### AIM OF THE TASK
Find all the lines in the entries below that hold the word "Avenue" and copy them.

================

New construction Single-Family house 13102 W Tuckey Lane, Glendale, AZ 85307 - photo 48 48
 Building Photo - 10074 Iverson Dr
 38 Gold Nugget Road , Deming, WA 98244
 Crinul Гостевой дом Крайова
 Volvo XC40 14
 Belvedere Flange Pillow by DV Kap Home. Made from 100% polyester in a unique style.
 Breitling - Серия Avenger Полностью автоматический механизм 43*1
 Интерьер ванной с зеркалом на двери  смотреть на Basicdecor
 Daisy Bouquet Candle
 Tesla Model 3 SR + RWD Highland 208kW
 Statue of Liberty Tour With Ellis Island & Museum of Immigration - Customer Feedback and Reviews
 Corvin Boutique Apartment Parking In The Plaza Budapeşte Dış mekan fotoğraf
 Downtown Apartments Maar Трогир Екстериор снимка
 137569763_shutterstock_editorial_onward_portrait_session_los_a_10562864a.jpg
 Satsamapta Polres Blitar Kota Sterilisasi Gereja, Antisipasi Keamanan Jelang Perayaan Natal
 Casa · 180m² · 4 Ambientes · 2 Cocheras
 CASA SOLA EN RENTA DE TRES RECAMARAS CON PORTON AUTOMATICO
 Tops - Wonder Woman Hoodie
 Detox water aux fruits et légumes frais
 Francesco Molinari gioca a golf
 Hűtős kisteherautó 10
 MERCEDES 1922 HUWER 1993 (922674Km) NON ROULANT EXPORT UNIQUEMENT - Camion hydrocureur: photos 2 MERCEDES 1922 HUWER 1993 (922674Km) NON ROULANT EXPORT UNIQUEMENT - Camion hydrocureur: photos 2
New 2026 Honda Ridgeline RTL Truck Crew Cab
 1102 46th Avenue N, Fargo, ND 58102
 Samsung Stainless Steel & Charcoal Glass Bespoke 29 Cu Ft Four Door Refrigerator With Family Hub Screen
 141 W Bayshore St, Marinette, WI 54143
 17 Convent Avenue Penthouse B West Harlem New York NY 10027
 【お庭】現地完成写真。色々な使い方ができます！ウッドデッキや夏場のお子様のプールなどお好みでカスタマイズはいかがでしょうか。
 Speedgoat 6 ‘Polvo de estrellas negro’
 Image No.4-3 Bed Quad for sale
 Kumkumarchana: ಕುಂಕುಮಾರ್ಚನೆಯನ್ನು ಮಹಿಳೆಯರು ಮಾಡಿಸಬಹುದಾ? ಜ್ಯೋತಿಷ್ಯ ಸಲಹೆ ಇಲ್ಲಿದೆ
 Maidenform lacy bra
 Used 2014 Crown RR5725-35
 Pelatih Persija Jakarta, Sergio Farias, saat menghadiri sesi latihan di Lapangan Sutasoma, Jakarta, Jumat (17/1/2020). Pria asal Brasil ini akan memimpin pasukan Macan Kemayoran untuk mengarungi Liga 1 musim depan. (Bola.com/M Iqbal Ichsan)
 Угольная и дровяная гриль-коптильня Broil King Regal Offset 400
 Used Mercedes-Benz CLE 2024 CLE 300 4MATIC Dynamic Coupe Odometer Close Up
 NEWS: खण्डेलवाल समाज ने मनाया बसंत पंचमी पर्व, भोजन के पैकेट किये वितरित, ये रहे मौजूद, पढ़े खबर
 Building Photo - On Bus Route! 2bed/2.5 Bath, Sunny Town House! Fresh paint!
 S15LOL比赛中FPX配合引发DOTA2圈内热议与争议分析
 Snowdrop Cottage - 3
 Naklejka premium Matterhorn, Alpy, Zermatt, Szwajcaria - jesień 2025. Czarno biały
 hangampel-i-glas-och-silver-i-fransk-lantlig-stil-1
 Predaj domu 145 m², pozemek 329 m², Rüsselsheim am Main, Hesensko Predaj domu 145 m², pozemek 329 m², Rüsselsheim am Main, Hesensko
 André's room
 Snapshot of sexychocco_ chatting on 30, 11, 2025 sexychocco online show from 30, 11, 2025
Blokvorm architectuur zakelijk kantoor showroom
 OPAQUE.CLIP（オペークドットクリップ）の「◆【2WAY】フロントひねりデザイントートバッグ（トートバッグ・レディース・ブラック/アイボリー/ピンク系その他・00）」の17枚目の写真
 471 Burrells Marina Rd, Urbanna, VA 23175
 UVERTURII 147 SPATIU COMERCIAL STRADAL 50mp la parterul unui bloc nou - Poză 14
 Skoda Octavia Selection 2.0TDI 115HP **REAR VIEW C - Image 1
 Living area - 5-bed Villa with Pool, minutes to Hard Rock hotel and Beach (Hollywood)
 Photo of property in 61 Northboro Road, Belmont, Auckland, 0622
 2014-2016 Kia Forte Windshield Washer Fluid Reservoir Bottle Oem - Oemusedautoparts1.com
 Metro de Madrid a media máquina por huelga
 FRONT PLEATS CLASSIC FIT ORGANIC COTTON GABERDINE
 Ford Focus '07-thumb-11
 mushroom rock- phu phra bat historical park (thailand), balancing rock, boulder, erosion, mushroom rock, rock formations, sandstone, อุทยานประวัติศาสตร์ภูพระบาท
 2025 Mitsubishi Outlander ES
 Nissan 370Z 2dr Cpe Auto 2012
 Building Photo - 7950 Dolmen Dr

================

### TASK SOLUTION
 1102 46th Avenue N, Fargo, ND 58102
 17 Convent Avenue Penthouse B West Harlem New York NY 10027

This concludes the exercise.